If you are a parent of a college-aged teen, you have probably been saving for his or her higher education for years. This makes sense, as obtaining a bachelor’s degree has become almost unbelievable expensive. In fact, according to First Financial Bank, the average cost to attend a public school in the U.S. is currently more than $27,000 per year.
You probably do not have to cover these expenses on your own, fortunately. After all, the U.S. Department of Education awards loans, grants and work-study funds to millions of college-bound individuals every year. Still, you may wonder if your child can keep his or her financial aid after a drug conviction.
The old rule
In the past, the DOE immediately suspended the federal financial aid of any recipient with a drug conviction.
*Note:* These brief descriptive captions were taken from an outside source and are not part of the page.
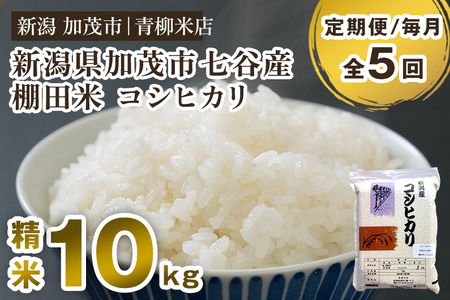 【令和8年産新米先行予約】【定期便5ヶ月毎月お届け】新潟産コシヒカリ 加茂市七谷産 棚田米 精米10kg（5kg×2）《9月下旬～順次出荷》 白米 真空パック 青柳米店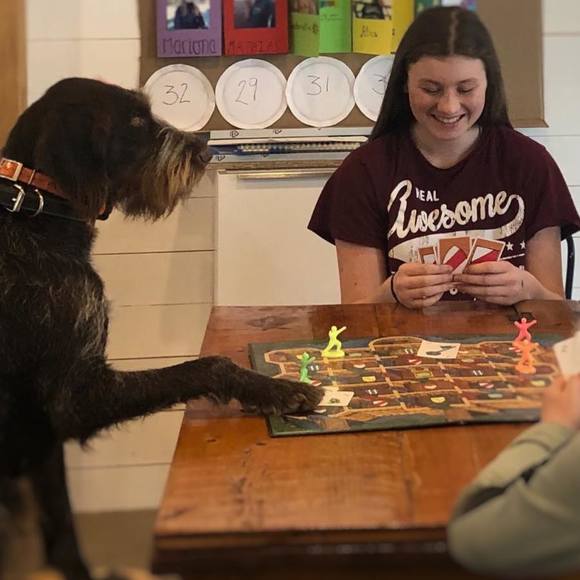 Profile Picture of Alice Caron (@alicecaron954) on Poshmark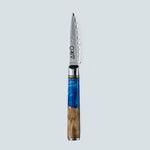 Aiko Blue Damascus Steel Knife with Coloured Blue Resin Handle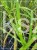 Miskant chińśki HANJERO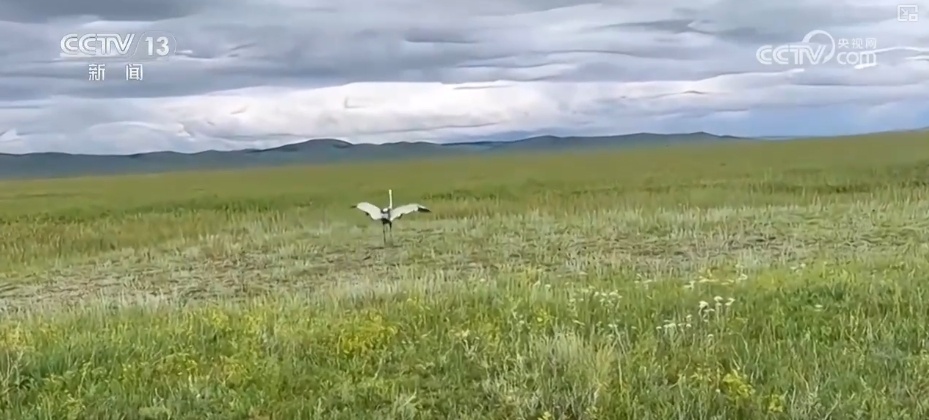 空中第一视角，绝美！跟着“摄影师”白枕鹤“蒙蒙”饱览生态之美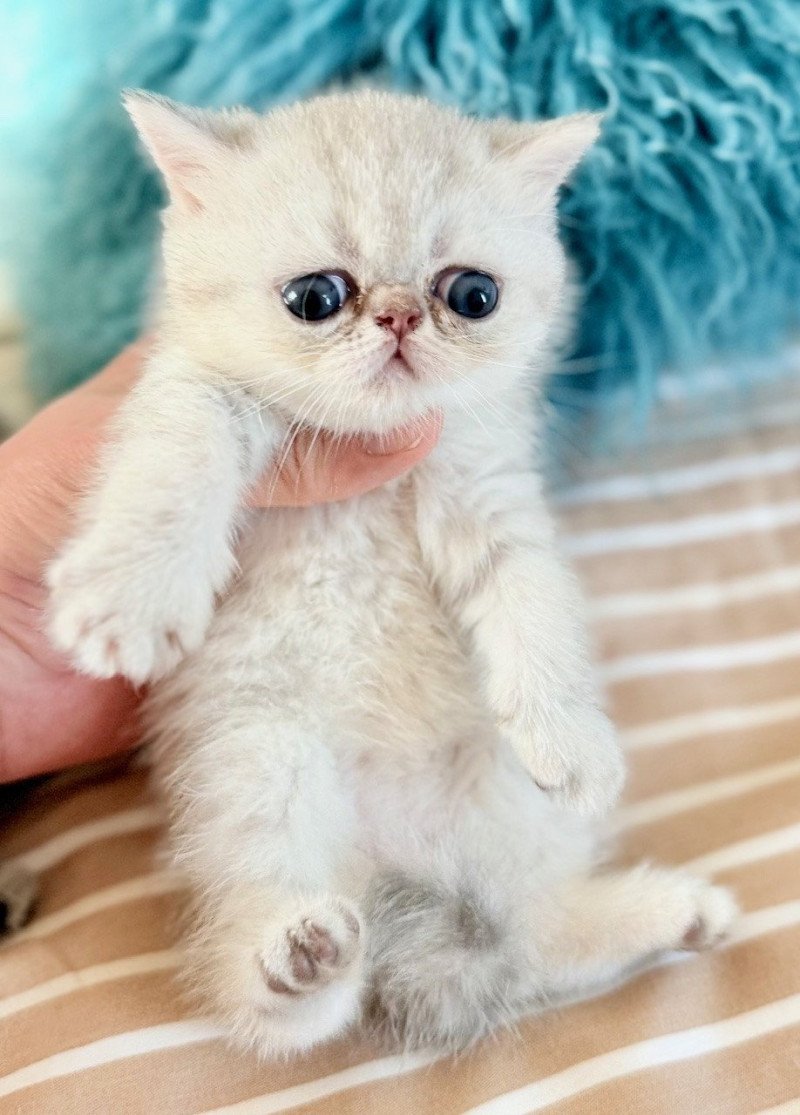 NICE CATS AMINA Femelle Exotic Shorthair NICE CATS AMINA Femelle Exotic Shorthair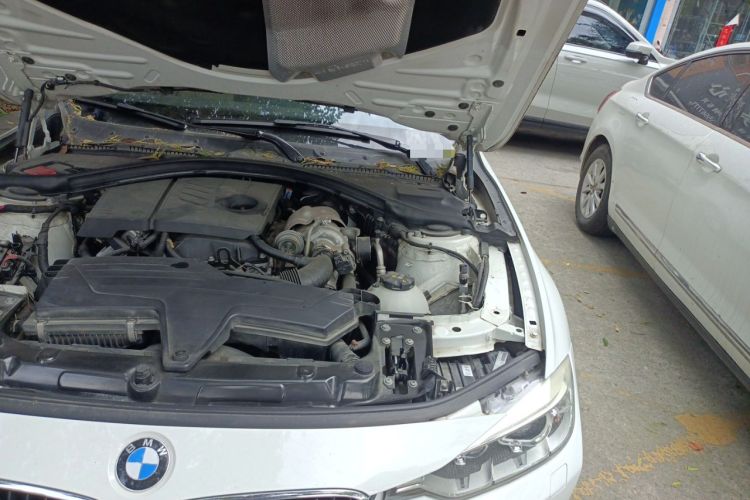 Used BMW 3 Series 2015 316Li Fashion Model Engine Bay Left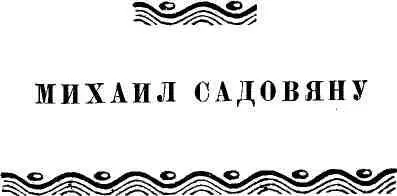 ТАМОЖНЯ НА КЛАДБИЩЕ ЭЮБ Я расскажу вам одн - фото 58
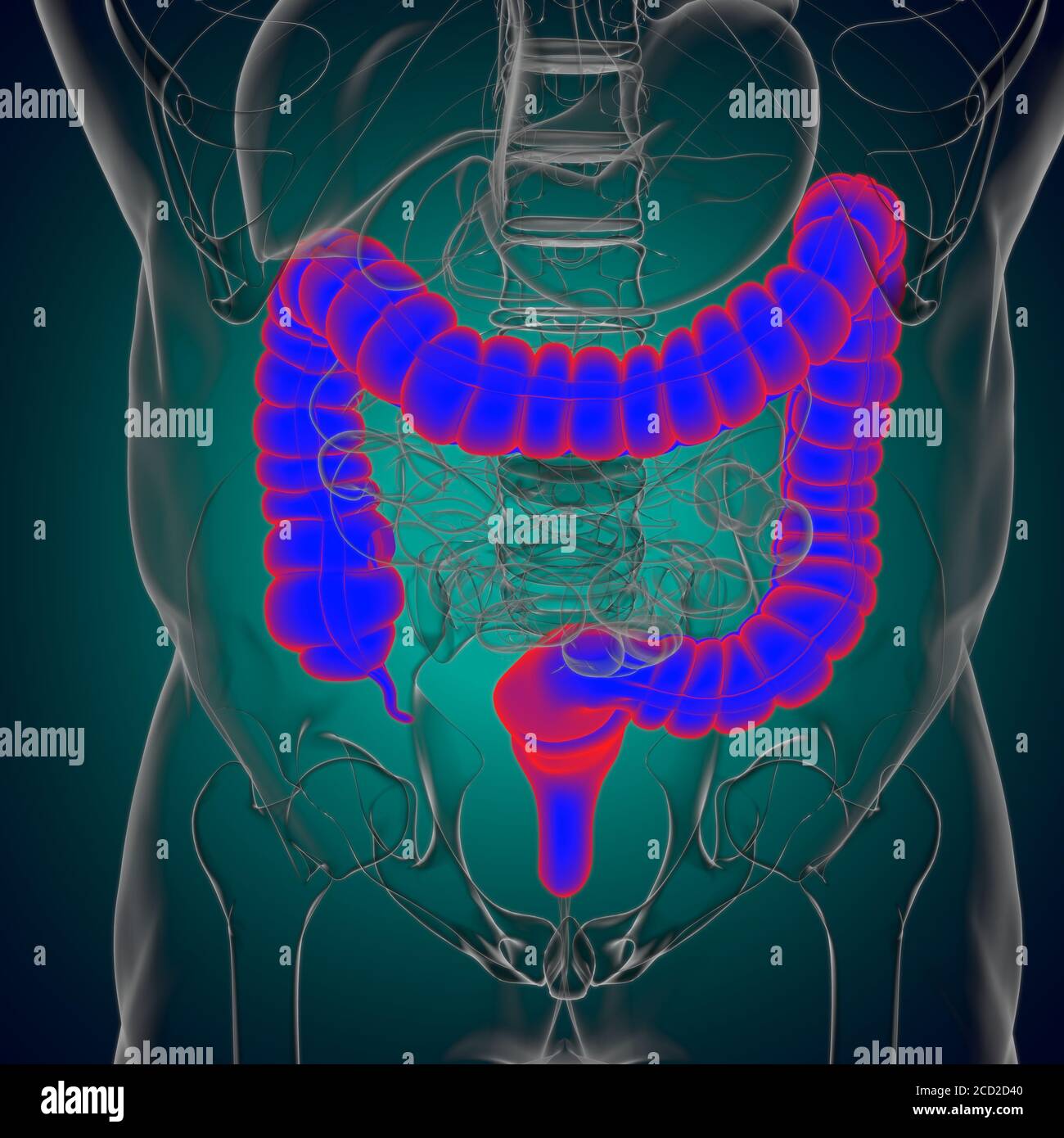 Large Intestine 3D Illustration Human Digestive System Anatomy For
This approach made little sense, as it proved virtually worthless in deterring college-aged students from using controlled substances. Luckily, the DOE’s harsh rule is now a relic of the past.
A new approach
The DOE recently announced it would no longer consider drug convictions when determining eligibility for government-guaranteed financial aid. Therefore, your child is probably not at risk of losing the loans, grants and work-study funds the federal government provides.
Still some risks
While the DOE’s policy change is certainly good news, your son or daughter may still have some risks. Following a drug conviction, his or her college may implement discipline. This discipline may force your child to attend a more expensive school. The private scholarships your teen receives also may disappear.
Ultimately, to keep college as affordable as possible, it may be advisable to prepare an aggressive defense against any drug charges your son or daughter is facing.